Two days ago, four of us went up Ao Nang tower, this big spire of rock sticking out of the sea. You get there by hiring a boat to the tower and stepping off the bow onto a ledge at the base of the route. The route is 80 meters long, and you do it in three pitches, with lots of scary moves on overhanging rock with a very pronounced feeling of exposure. Getting down is the fun part. You flag down a passing boatman, then rappel the final 50 meters into the boat. Even better, since the boat drifts away a bit during the time it takes to lower, and you are the only thing it's tied to, you end up rapping down over the open ocean until you can just dip a toe into it. Then the boatman reels you and the boat together and pulls you aboard. Too much fun!

I may be moving on to Laos before too long.


Luang Prabang, Laos.    March 24, 2004
Here's me, Here's the bear...


So I was mauled by a bear yesterday. Not a very big bear, and not much of a scratch even, but mauled is mauled. I'm sorta proud of myself.

Me & Jay rented motorbikes and headed off to this big waterfall out a the end of a dirt road. It's one of these multi-tiered limestone falls, with lots of pools to swim around in, ledges to jump from, and hidden grottoes behind curtains of water with ferns and moss and forest elves frolicking. A great addition to the end of any dusty dirt road.

Anyway, the caretakers are also nursing back to health a few animals that were retrieved from poachers. There's a large enclosure full of bears, with a shack at one end containing some food and a tiny lady with a stick. If you drop some money in the donation box, she'll hand you a couple bananas and let you in to play with the bears. If they're not too busy fighting amongst themselves and behaving like wild animals, they'll hop up on their hind legs and walk over to take some food from your hand. And maybe take a swipe at you if you don't supply it promptly.

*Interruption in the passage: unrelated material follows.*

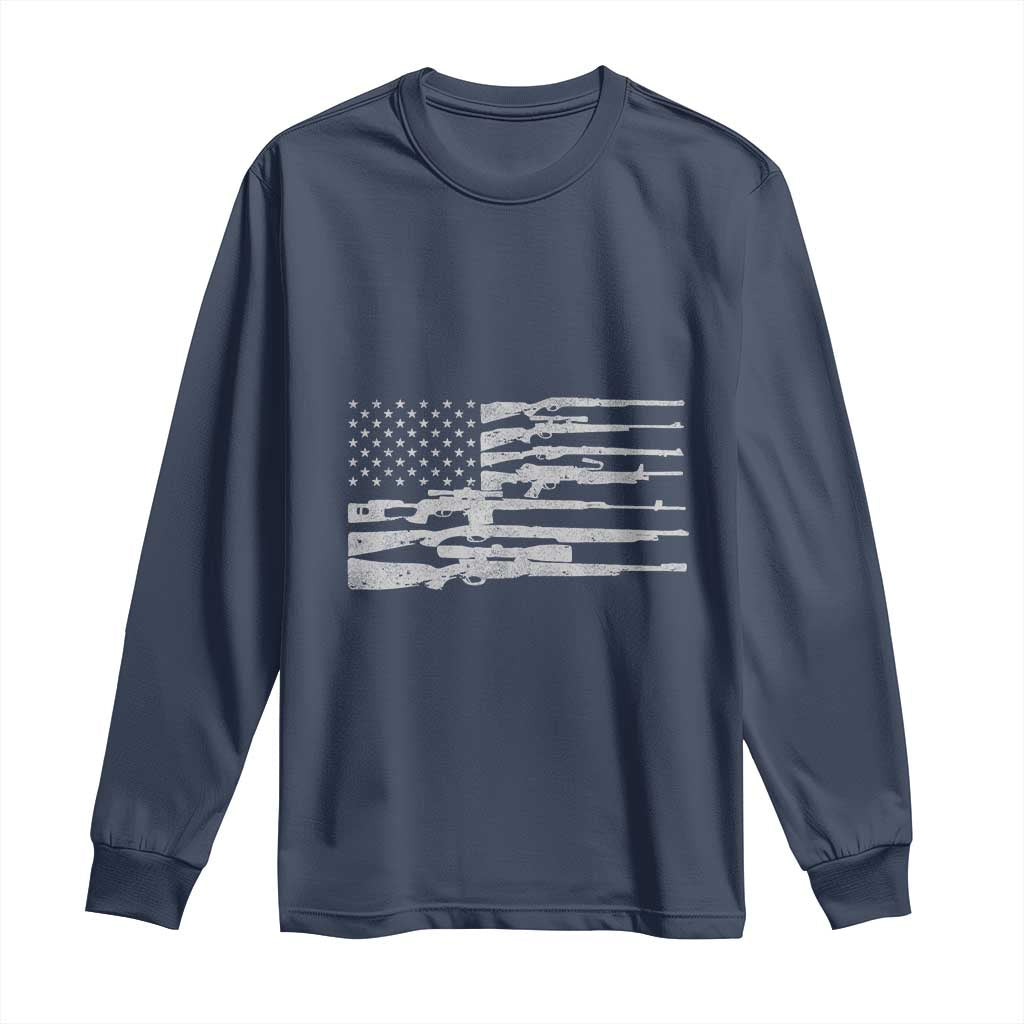 American Flag Rifle Firearm Long Sleeve Shirt Machine Guns 2A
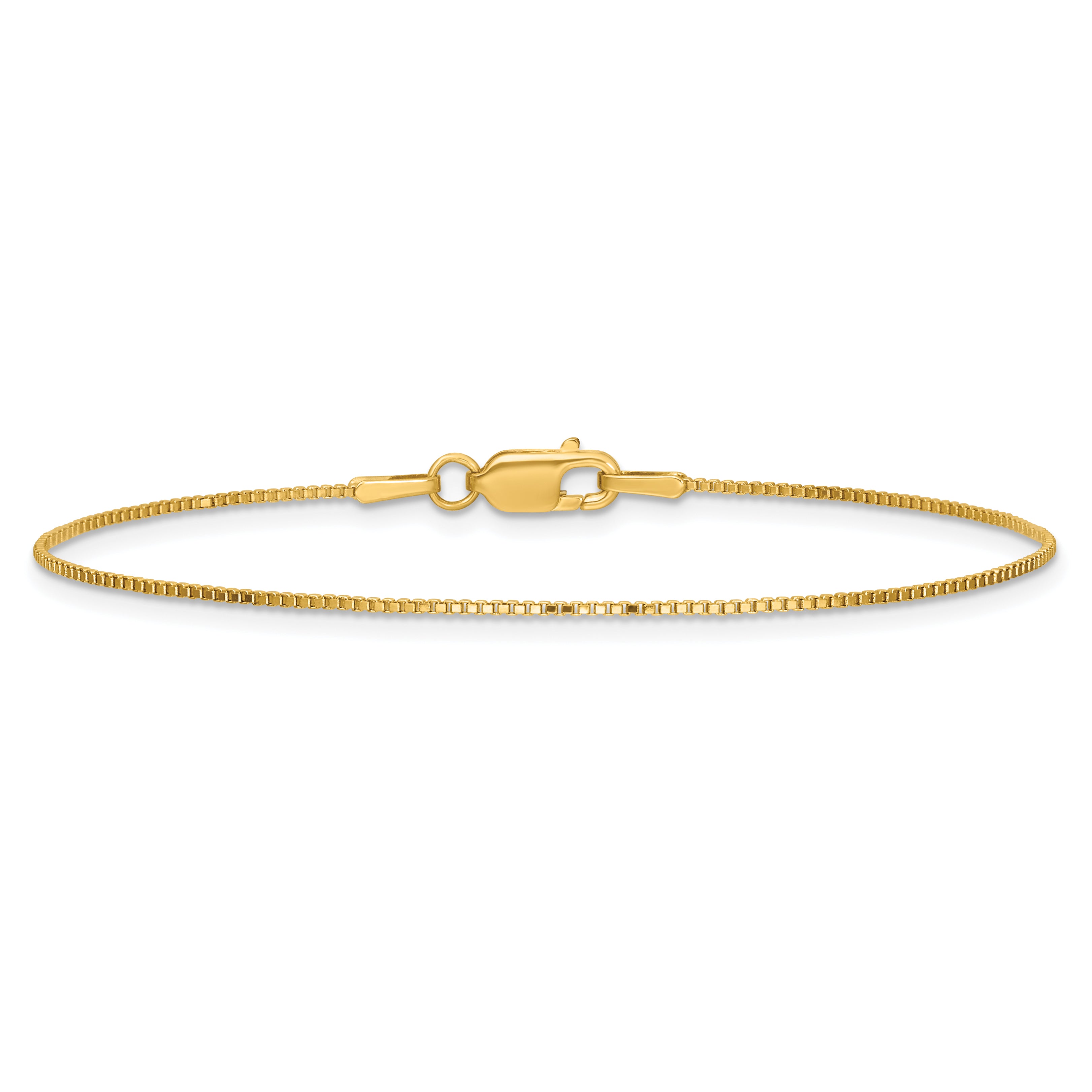 14K 9 inch .9mm Box with Lobster Clasp Anklet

There is also an enclosure with a large tiger inside that you can pet through the bars. I didn't try giving that lady any money.


Vinh, Vietnam.    April 4, 2004
Cryin' into a bowl of noodles


Made it to Vietnam in grand style. 20 hours with my knees in somebody's back, and to the outskirts of Vinh. Sleep deprived and ill-fed as I may be, I do know that there's only one highway in Vietnam. It goes through the center of every city. The bus driver has pitched our bags out the window exactly a mile short, in front of a group of greedy looking motorcycle taxi drivers.

I stumble forth with book in hand, pointing at a map and debating whether to walk, then do a quick inventory of things hanging from my person. Yessir, remember that little bag with everything valuable that I own...

There follows a loud stream of obscenity, a mad sprint towards the largest looking bike, and some completely unnecessary instructions to the driver as I hop on and we speed off into traffic. Lights are run, large trucks are passed in the gravel, certain death is narrowly avoided dozens of times, yet no large busses seem to be coming into view over the horizon. We give chase at top speed through town and for a full 10 kilometers into the countryside before giving up.

I've already committed myself to the impossible task of contacting the hotel in Vientiane and somehow arranging to have the pack (which contains my laptop, incedentally) picked up on the other end. No hope of course, but I tell the driver to turn us around. In doing so, we are nearly struck down by my bus, which we have somehow managed to pass on the way through town.

Vinh is interesting, I doubt I'd recommend it to anybody. No tourists here, which amplifies the Vietnamese habit of staring at any westerners and following them around. I'm the only white guy in town at the moment, so I get all the attention. Hey everybody! Come look! He's eating noodles now!